Stan Lee’s Legacy
By SHAMAIL NASEER
We never noticed him, but through Marvel’s most famous comic characters, he was always in our lives. Sadly, Stan Lee died at the age of 95 on November 12, 2018.
“I was so torn when I found out he could no longer present his ideas,” said Kayla Pilgrim ‘22, a member of comics club. “His works affected people, and it’s sad that his gift is gone.”
Lee changed the standards for comics by creating stories that didn’t put superheroes on a platform normal people could never reach. It was this charm that kept leading people back to Marvel and Stan Lee’s comics.

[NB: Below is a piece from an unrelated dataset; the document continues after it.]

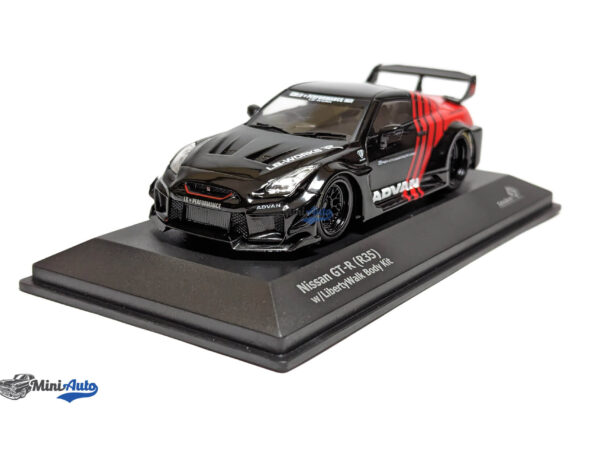 Nissan GTR (R35) LBWK 2020 - Black/Red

“My parents weren’t happy that I became a teacher,” said Mr. Marco Machado, a physics teacher. “Captain Marvel has a backstory where she wasn’t supported by her family, and she really just wanted to fly. My background is one where I wanted to fly, too, and I felt that our stories paralleled.”
In an obituary in the New York Times, Lee said, “What I tried to do was take these characters, who are obviously bigger than life and fictitious, and make them seem real.”

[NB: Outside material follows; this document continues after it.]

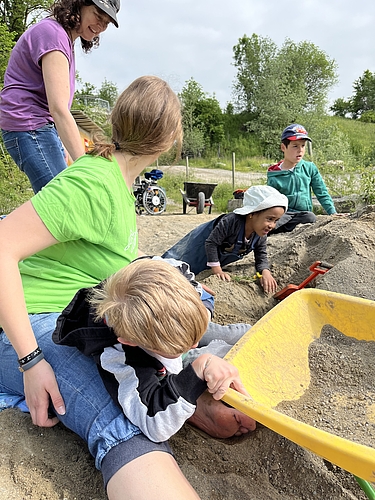 Ausflug Kinder der Schulbildung an den Lernort Kiesgrube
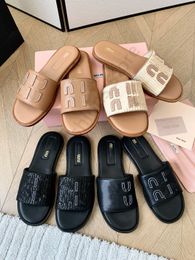 Sandalias de diseñador de Miui Mula Fibra de fibra de coco Fibra texturizada zapatos planos zapatos para mujeres Playa Tabrias tejidas de verano Flips abiertos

Lee didn’t disappoint! He created Peter Parker, a regular high school boy with teenager problems who just happens to be able to shoot webs out of his wrists. The Fantastic Four, one of Lee’s first creations, had human flaws, self-doubts, and worries along with their powers.
In today’s world, people want to say something but they can’t,” said Mr. Machado “Comics give them a platform.”
Stan Lee supported the civil rights movements in the 1960s through his stories, the most famous example being the X-men, a race of mutants cast out of society for their differences.
“He inspired other artists and writers,” said Rezanur Rohan ’20, a member of the comics club. “Now they entertain others with engaging storylines, interesting characters, and real-world morals.”
His legacy won’t be easily forgotten.
“When I was a kid, my dad would bring stacks of comics from the library like everyday,” said Anthony Lekakis ’20, a Marvel fan. “I used to read comics every time he came home from the library, and there’s just all these worlds. If I ever met Stan Lee, I would say thank you. Not only did he drive my father’s love for comics, he drove mine. He created new worlds, and that’s just a beautiful thing.”